Tag Archives: Bill Viola

What we behold becomes us, too

My favorite part of The Last Lecture, which to me is also the most moving part, is the twist ending: Randy Pausch head-faking all of us into believing that his 76-minute aphoristic speech was intended primarily for the general audience.

Oddly, after yesterday’s seminar–to date, the most poignant for me–I began to feel this same sense of being pleasantly (and movingly) hoodwinked. Something about Bill Viola’s essay and the wonderful commentary provided by my colleagues and presenters Jim Kendrick and Rob Rogers crystallized something in my brain. To their credit, I don’t think I could have teased out as much meaning from Viola without their presentation. Another read of “Will There Be Condominiums in Data Space?” is surely in order. To Gardner’s credit, sequencing the Viola essay after McLuhan was a stroke of genius.

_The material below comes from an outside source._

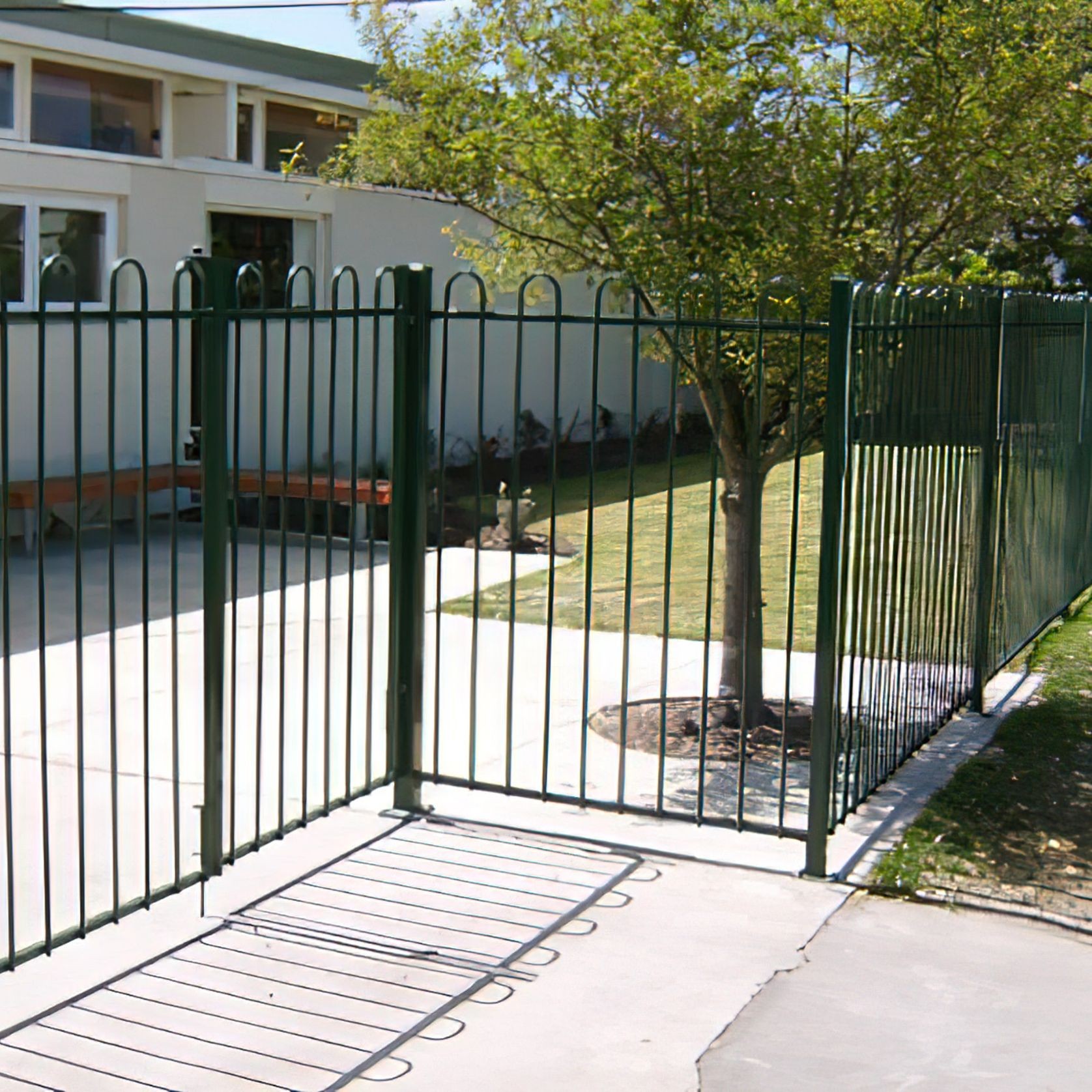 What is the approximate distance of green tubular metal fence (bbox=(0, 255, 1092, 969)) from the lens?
497 cm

In doing the required readings for NMFS and blogging haphazardly, and in listening to presentations and ideas being brought forth about the many topics we’ve investigated, my assumption has been that the proper focus of this class is the New Media itself. Like the typical student, I’ve progressed through readings and discussions with a lingering refrain in my head that goes, “Ok, so that’s interesting. But what’s the most important thing about this? What do I take away from all this?”

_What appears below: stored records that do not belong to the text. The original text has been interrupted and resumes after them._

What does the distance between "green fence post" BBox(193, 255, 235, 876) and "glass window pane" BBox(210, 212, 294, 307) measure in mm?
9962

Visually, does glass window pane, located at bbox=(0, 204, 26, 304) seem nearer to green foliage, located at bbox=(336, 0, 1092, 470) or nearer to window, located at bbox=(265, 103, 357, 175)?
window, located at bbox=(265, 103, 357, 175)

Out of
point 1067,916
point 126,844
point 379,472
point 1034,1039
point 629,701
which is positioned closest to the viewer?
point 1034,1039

After yesterday’s seminar, something clicked. I had a mind splinter all evening and into this morning. Call it a moment of clarity, if you like, but I think I’m at the precipice of real understanding here. The most startling realization for me is that we have, in fact, been head-faked: This class is NOT about New Media at all. It’s about Us (with a capital ‘u’). It’s about our need for finding meaning in everything that we do and see and hear, and it’s about HOW we go about constructing that meaning for ourselves, cognitively speaking. It’s about the human brain–although, “mind” sounds better to me–and how it devours everything in the pursuit of truth and beauty “steadily and without any resistance.” It’s about how memory and the act of remembering IS like art: Every waking hour, we’re constantly editing, rearranging, and combining our memories all for the sake of telling stories and teasing out meaning from life. And it’s about how we instinctively and incessantly project those cognitive tendencies into the material world in the form of media, all again for the sake of making sense of it all.

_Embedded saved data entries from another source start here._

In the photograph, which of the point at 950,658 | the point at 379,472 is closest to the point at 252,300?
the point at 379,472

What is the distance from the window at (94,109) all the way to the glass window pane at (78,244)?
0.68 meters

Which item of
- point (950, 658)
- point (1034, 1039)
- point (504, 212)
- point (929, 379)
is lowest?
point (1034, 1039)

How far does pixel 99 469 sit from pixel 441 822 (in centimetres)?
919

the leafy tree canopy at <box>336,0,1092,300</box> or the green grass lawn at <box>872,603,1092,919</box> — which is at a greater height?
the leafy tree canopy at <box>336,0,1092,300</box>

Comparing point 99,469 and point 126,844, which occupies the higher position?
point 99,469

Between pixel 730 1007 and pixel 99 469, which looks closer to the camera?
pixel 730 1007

But this is a class about New Media, after all. So what’s the point? The point is this: For the first time in human history, we have the most complete and elegant mechanism for extending our minds–THE most important part of ourselves–into the material world. Beholding the Internet with all of its attendant weirdness and beauty is like standing back from your own brain as you would admire it in some glass case in a museum: There we are, perfectly externalized in technological form, warts and all! (Only, you’re not looking at just your brain, but a billion others, too).

Marshall McLuhan writes that “We become what we behold,” but I’d wager the opposite is just as true: That what we behold becomes us. As Viola demonstrates with his water wall technology via video in “Ocean Without A Shore,” the better technology becomes, the more it enables us to convey ideas like the thin wall separating life and death, for example, exactly as that idea might have occured in a dream. That’s to say nothing of the fact that, not only can we now map our minds into our own data spaces; we can also connect to shared data spaces and take advantage of collective intelligence and creativity that exists there.

Again, my mind goes back to McLuhan. I can finally understand why modern computing as a medium (although, to be correct, it should be “media” because computers allow us to call on all media at once) is conceptually more important than all the bits and bytes that make it possible–or more important than all the individual tools and services that we as educators and technologists feel compelled to incorporate into the classroom. As for the message:

” … the ‘message’ of any medium or technology is the change
of scale or pace or pattern that it introduces into human affairs.”

The standard response of the technophobe is that computers are making us all into robots. But if like McLuhan we accept the notion that any medium’s message alters the scale of our sense ratios to the extent individual senses are emphasized over others, then the greatest promise of our digital age is that the Internet may in fact help to make us more fully human since it represents our collective brains “externalized in technological form.” It means that learning and creating with New Media means we are doing something more fundamentally innate and human than if we were locked away in our own rooms reading the printed page. And I think this is what everyone from Bush, Engelbart, Nelson, and Kay were getting at in their individual essays when they pointed to the power of computing and its ability to more fully replicate our thought patterns and the promise that it could make us smarter by allowing us to collaborate more richly.

Finally, I came away with another notion yesterday that’s harder to verbalize or pin down in a single blog post, but it has something to do with how life is really a lot like art. Every breath represents another opportunity to create, to remember, edit, and rearrange our own stories and ideas in our own data spaces to find meaning. What’s even better is that I can now share my data space with you, just as you can share yours with me.